OK, I've done a reset on the project. but still the same problem.
I'm sorry, but I was just about to post that resetting is likely to be useless.
By chance, I've found one of my machines that has been on NNT (no new tasks) since before the problem started. It's been returning completed work quite happily and running down its cache completely oblivious to the bad sched_reply files and the associated error messages. As an experiment, I removed NNT and allowed it to request work - which of course failed dismally and the machine has now joined the others with this problem.
There is still something to be fixed on the servers so people should take no action like resetting, which will just trash what remains of your cache without fixing anything.

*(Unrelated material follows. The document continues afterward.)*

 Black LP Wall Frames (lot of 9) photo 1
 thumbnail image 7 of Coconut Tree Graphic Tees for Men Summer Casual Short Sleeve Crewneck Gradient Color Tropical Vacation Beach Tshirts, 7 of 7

OK, I've now found another machine that last requested work at 00:27UTC on 21st July which was before the problem started. It has returned completed tasks but hasn't requested new work so the messages log contains no errors yet.
I'll keep this one in reserve (NNT is now set) until there's something further to test.
Just throwing my voice in as I am also experiencing the same issue. My Boinc version is 6.10.18 which I have installed on two XP workstations. Off the top of my head I can not remember which version I am running on my Linux laptop at home.
The problem is only occurring on one of my XP workstations. The Linux and 2nd XP workstation is working just fine.
I too am getting this on one machine. Schedule requests for other projects on the same machine seem to work fine. BOINC version is 6.10.58 and OS is Win7 x64.
Log snippet
Quote:
22/07/2010 9:46:26 PM Einstein@Home Sending scheduler request: To report completed tasks.
22/07/2010 9:46:26 PM Einstein@Home Reporting 12 completed tasks, not requesting new tasks
22/07/2010 9:46:50 PM [error] Task h1_1087.80_S5R4__701_S5GC1a: bad command line
22/07/2010 9:46:50 PM Einstein@Home [error] Can't parse workunit in scheduler reply: unexpected XML tag or syntax
22/07/2010 9:46:50 PM Einstein@Home [error] No close tag in scheduler reply
22/07/2010 9:47:51 PM Einstein@Home Sending scheduler request: To report completed tasks.
22/07/2010 9:47:51 PM Einstein@Home Reporting 12 completed tasks, not requesting new tasks
22/07/2010 9:48:14 PM [error] Task h1_1087.80_S5R4__701_S5GC1a: bad command line
22/07/2010 9:48:14 PM Einstein@Home [error] Can't parse workunit in scheduler reply: unexpected XML tag or syntax
22/07/2010 9:48:14 PM Einstein@Home [error] No close tag in scheduler reply
22/07/2010 9:48:25 PM climateprediction.net Sending scheduler request: To send trickle-up message.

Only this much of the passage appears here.